## What needs to be done
Among the lines below, which ones contain the word "Cotton"? Copy every such line.

(Entries provided Opens)

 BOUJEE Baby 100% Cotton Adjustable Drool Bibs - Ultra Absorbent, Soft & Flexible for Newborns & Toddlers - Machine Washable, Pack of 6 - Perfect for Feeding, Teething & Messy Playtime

(Entries provided Closes)
(Entries provided Opens)

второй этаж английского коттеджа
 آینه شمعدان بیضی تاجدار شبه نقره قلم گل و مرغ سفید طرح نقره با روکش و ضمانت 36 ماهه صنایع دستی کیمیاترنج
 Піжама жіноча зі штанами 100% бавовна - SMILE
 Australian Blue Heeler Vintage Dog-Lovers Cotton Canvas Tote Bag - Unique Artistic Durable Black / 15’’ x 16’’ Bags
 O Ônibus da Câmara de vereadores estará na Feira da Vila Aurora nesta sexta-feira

(Entries provided Closes)
(Entries provided Opens)

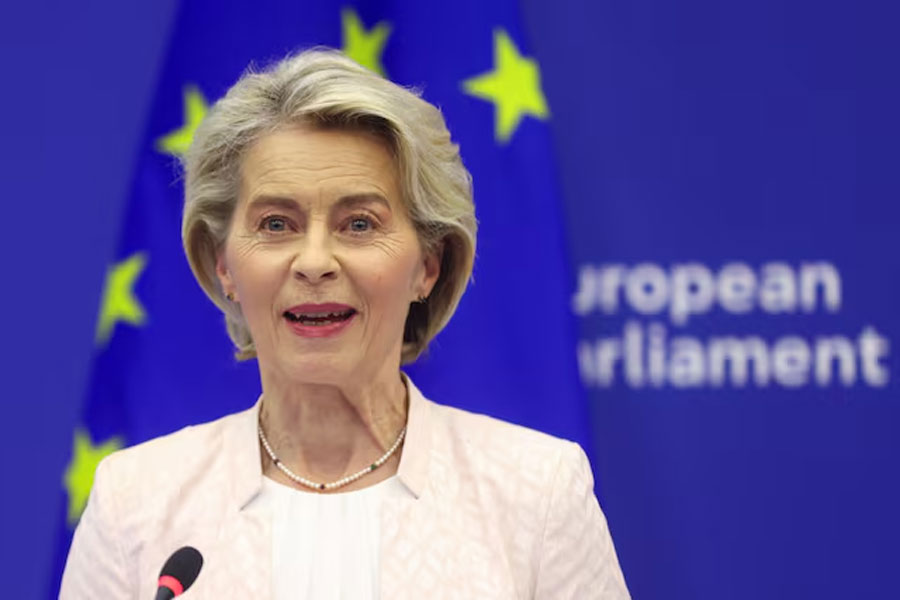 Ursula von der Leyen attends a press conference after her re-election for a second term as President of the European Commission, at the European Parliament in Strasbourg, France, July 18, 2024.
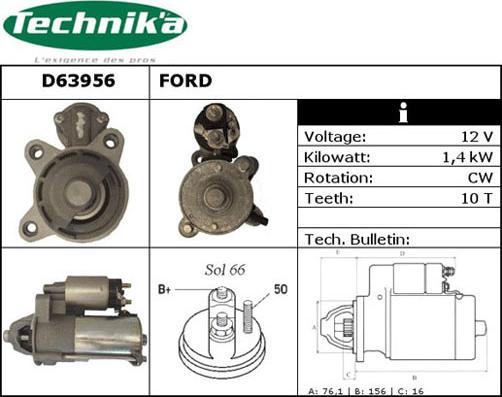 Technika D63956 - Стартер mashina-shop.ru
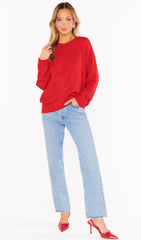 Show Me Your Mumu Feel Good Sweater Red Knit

(Entries provided Closes)

## Response area
 BOUJEE Baby 100% Cotton Adjustable Drool Bibs - Ultra Absorbent, Soft & Flexible for Newborns & Toddlers - Machine Washable, Pack of 6 - Perfect for Feeding, Teething & Messy Playtime
 Australian Blue Heeler Vintage Dog-Lovers Cotton Canvas Tote Bag - Unique Artistic Durable Black / 15’’ x 16’’ Bags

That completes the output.